> **TASK REQUIREMENTS**: Repeat, exactly as written, all of the entries, but not their pictures.

[Short web captions]
%%

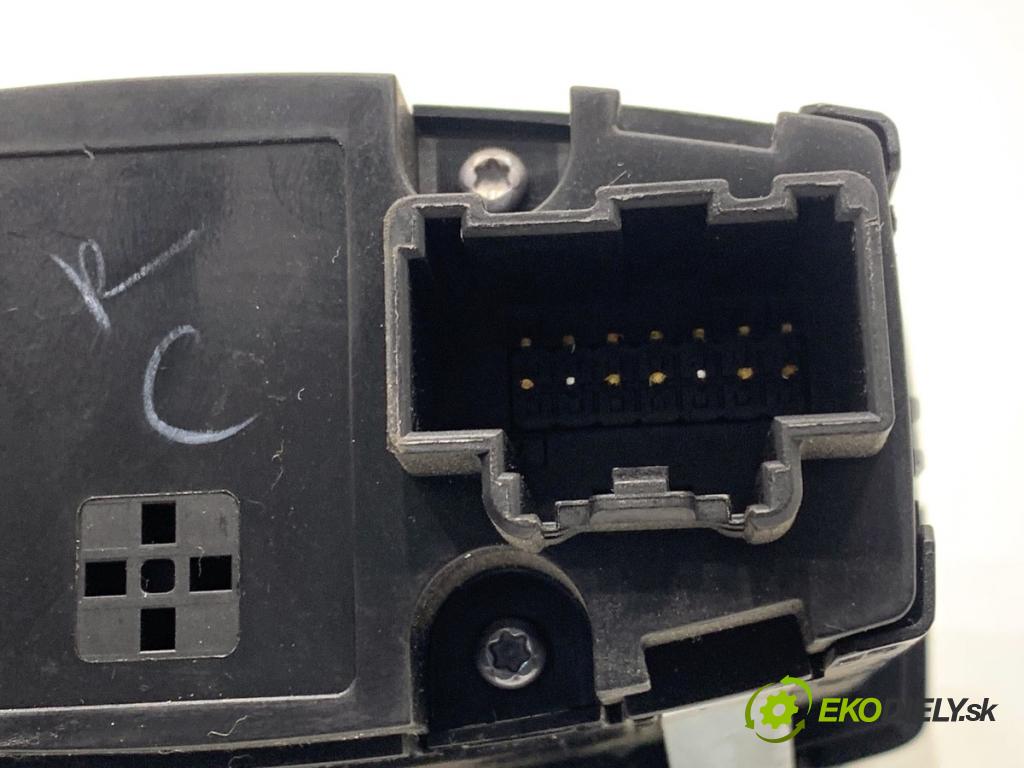 FORD KA+ liftback 2018 63 kW 1.2 1194 spínač světel J7BT13A024AA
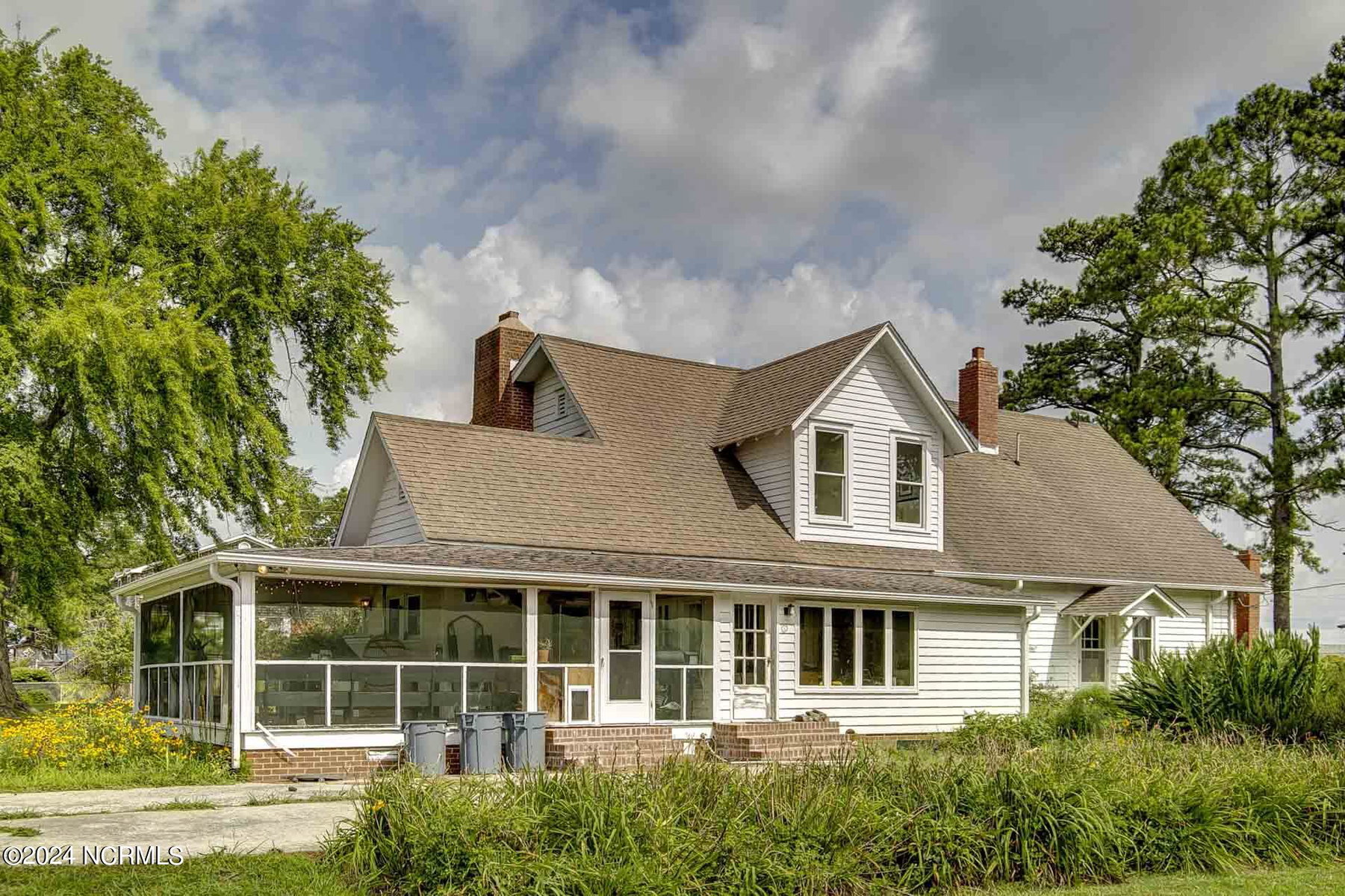 264 Main Street, Swanquarter, NC 27885 — photo 2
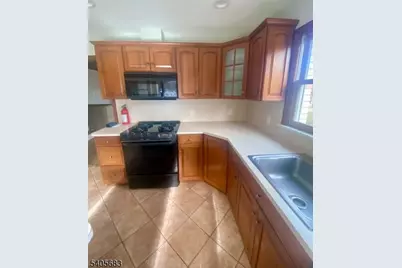 215 Boulevard, Pequannock Township, NJ 07444 - Photo 5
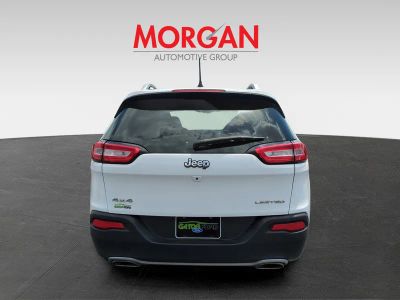 2016 Jeep Cherokee — engine compartment view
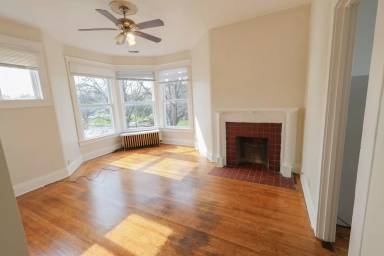 Main picture of 1322 E Spring St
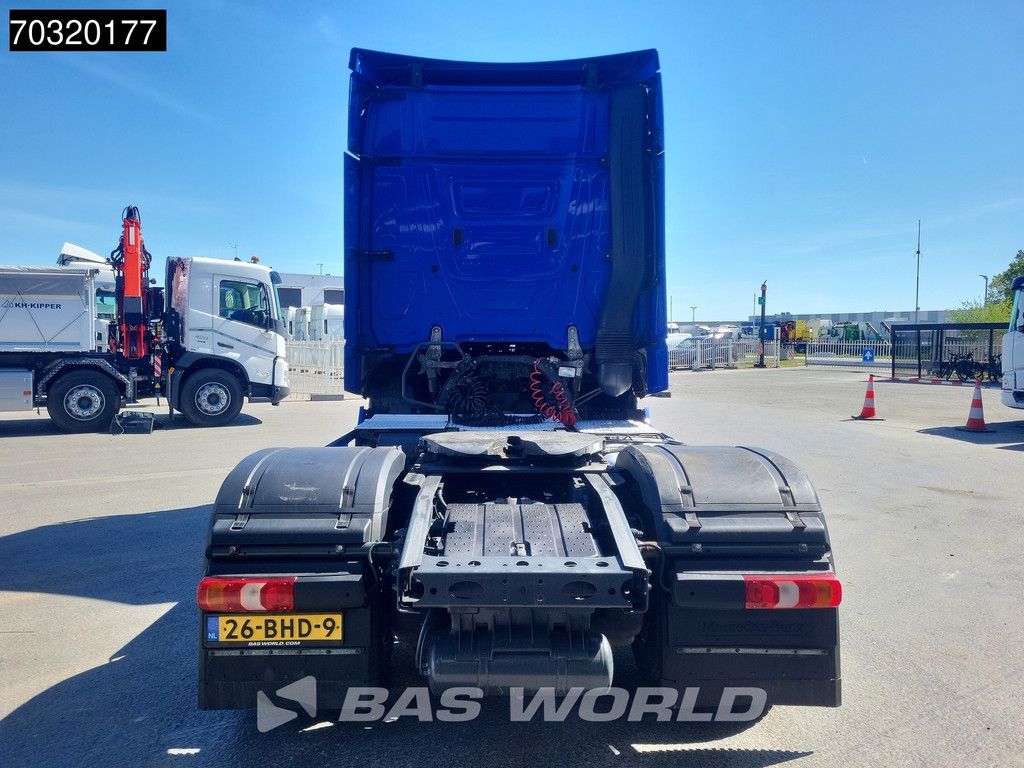 Mercedes Actros 1936 4X2 NL-Truck StreamSpace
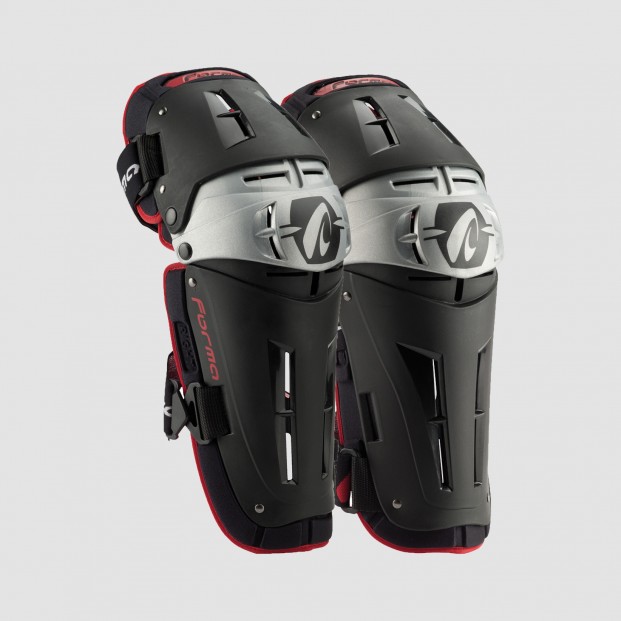 Защита FORMA колен TRI-FLEX KNEE GUARD BLACK/SILVER/RED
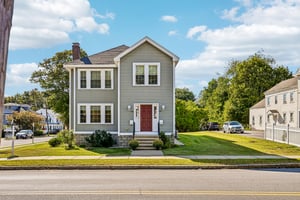 62-64 Hampshire St-S1709-001.jpg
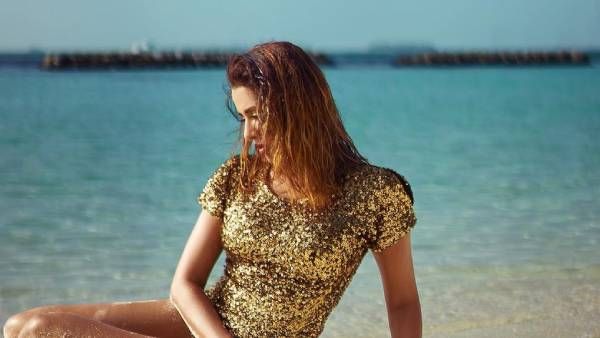 குளியல் வீடியோவை வெளியிட்ட பிக்பாஸ் பிரபலம்...கவர்ச்சியில் இணையத்தை கதறவிடும் நடிகை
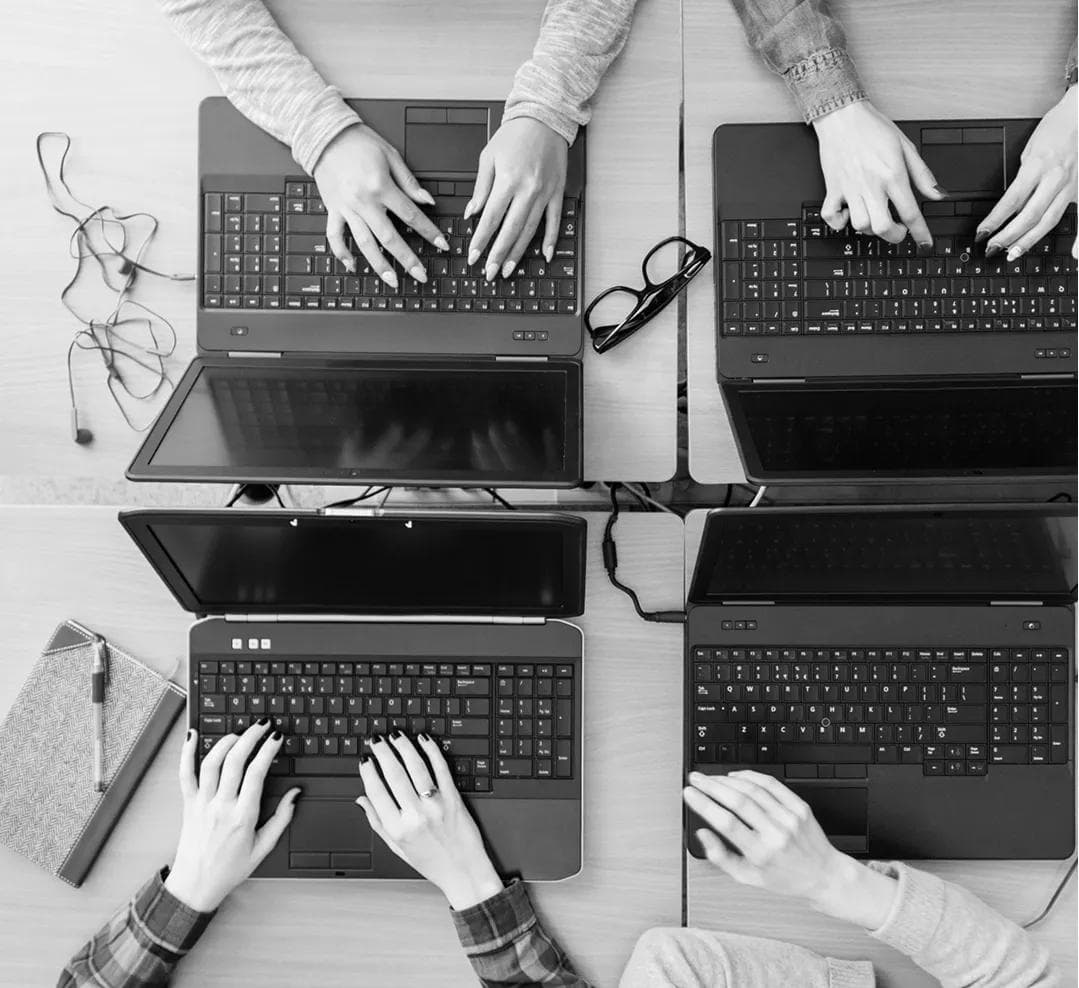 hands-on-laptop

%%

> **OUTPUT FOR THIS TASK**:
 FORD KA+ liftback 2018 63 kW 1.2 1194 spínač světel J7BT13A024AA
 264 Main Street, Swanquarter, NC 27885 — photo 2
 215 Boulevard, Pequannock Township, NJ 07444 - Photo 5
 2016 Jeep Cherokee — engine compartment view
 Main picture of 1322 E Spring St
 Mercedes Actros 1936 4X2 NL-Truck StreamSpace
 Защита FORMA колен TRI-FLEX KNEE GUARD BLACK/SILVER/RED
 62-64 Hampshire St-S1709-001.jpg
 குளியல் வீடியோவை வெளியிட்ட பிக்பாஸ் பிரபலம்...கவர்ச்சியில் இணையத்தை கதறவிடும் நடிகை
 hands-on-laptop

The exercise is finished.